Five Dumbest Things on Wall Street about Subprime Mortgage Mess

Thank you, fellow taxpayers, for your generous contributions to the Angelo Mozilo defense fund. Bank of America(BAC Quote) confirmed on Tuesday it is covering the legal fees for the former Countrywide CEO who has been charged with securities fraud and insider trading. BofA, America’s biggest bank, says it is obligated to shell out for Mozilo’s defense as a result of an indemnity clause in place when he ran Countrywide.
The Securities and Exchange Commission filed civil charges against Countrywide’s co-founder last Thursday, alleging he raked in more than $139 million of improper profits by exercising stock options in 2006 and 2007 while the nation’s housing market and Countrywide’s finances were collapsing.
Now Bank of America, which accepted $45 billion from the U.S. government’s Troubled Asset Relief Program, is picking up the tab to defend one of the key players in the subprime mortgage mess that created all those troubled assets.
Excuse us for being blunt (and clearly rhetorical), but have our lawmakers lost their minds?
Mozilo made $139 million in just two years selling subprime loans.
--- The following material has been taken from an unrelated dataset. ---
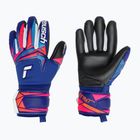 Children's goalkeeper gloves Reusch Attrakt Infinity Evolution NC Junior sharp blue/shocking orange/black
He can surely afford his own legal team. In fact, he’s probably better capitalized than Bank of America which even after passing a stress test is still unable to function without the assistance of John Q. Public and his wealthy Uncle Sam.
The Obama Administration has no problem trampling on contracts in order to get what it wants, just ask GM(GMGMQ Quote) and Chrysler bondholders who were stiffed of their rightful due in favor of the politically powerful UAW. Likewise, Congress bowed to public pressure to unfairly – and perhaps unlawfully – tax AIG(AIG Quote) executives out of bonuses they legally, however undeservedly, earned.
As for the Supreme Court checking and/or balancing the frightening power grabs of Washington’s other two branches of government, well, to quote their lame excuse for bowing out of the Chrysler case, “they have not carried that burden.”
If that’s the way Washington wants to play it, then we say the government should force Bank of America to call off all bets with Mozilo and let him pay his own freight.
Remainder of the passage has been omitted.